3.18.2009

Here I Go

Well, this will be the last time I will be posting personally for a while. I feel like I should write something profound and inspiring, almost like I owe it to all of the people who I've pressured into reading this page to bring them up in some deep way that no one can quite explain.

The problem right now is that I don't actually have a lot to say. Maybe I'm just a little bit overwhelmed. As people, we have long-term ideas about the courses of our lives. Things we'll do "when we're older." There's a strange feeling particular to passing through one of these portals. We are almost unsure as to whether we have chosen our route or if it has sprung on us. In my case, I think both are probably true.

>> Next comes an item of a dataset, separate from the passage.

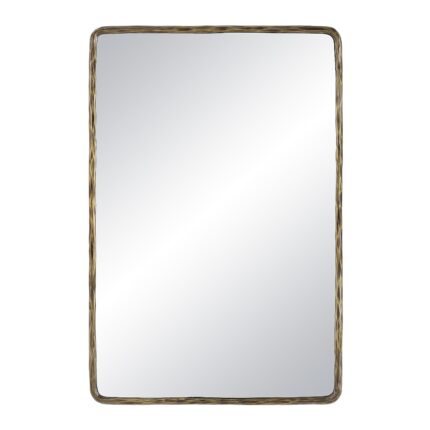 Renwil Ivory Dark Antique Brass Textured Wall Mirror MT2675 - front view of the dark antique brushed brass frame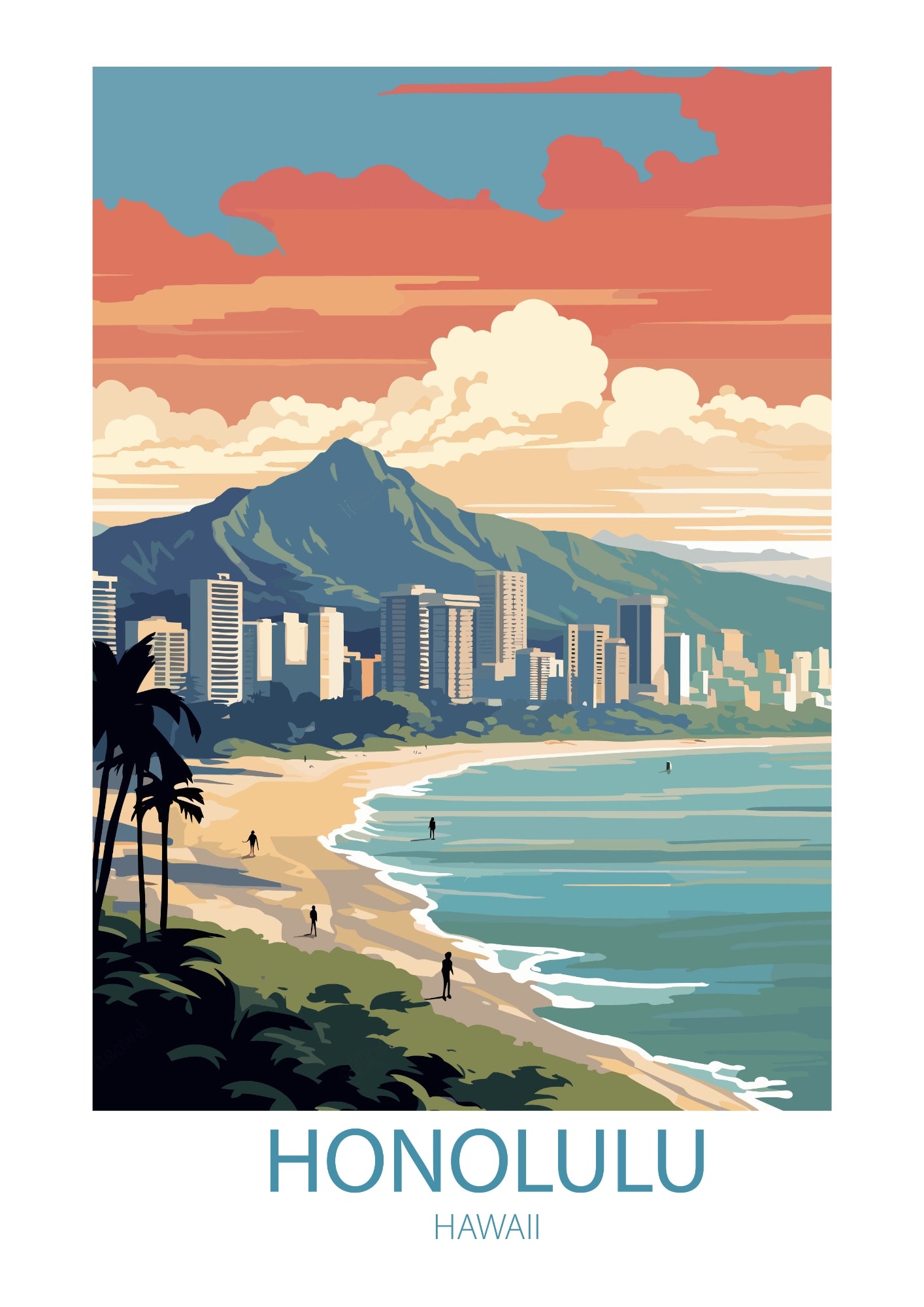 Panorama Honolulu z Widokiem na Plażę i Góry Plakat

Sometimes, it can be hard to proceed. The numbness of being unable to control oneself can petrify some people. That fear calls to my mind the account we are given of the war in Heaven in the Book of Moses.

1 And I, the Lord God, spake unto Moses, saying: That Satan, whom thou hast commanded in the name of mine Only Begotten, is the same which was from the beginning, and he came before me, saying—Behold, here am I, send me, I will be thy son, and I will redeem all mankind, that one soul shall not be lost, and surely I will do it; wherefore give me thine honor.

Sometimes, as members of the church, I think we fail to realize our own, incredible histories. Every person who lives on the Earth today once stood up in Heaven and made a choice. We could trust our Father, and go down to be tested, or we could have surrendered to the lies. We could have given into the fear of our own failings and chosen the easy way. A third of our brethren decided that they could not proceed through the veil. They did not have the faith to progress.

When I reach a hard portal in my life, I take comfort in the fact that I have already taken the deepest plunge of all. I have already surrendered my will to the Father's, and entered into the unknown. It reminds me of something a very wise woman once told me. She said "You can do Hard things."

The next time you're feeling scared to go on, try to remember the person that you were before you came here. Remember the fact that you have already made hard choices, and you can do so again.

Or something like that.

I love most of you. You know who you are. See you in a bit.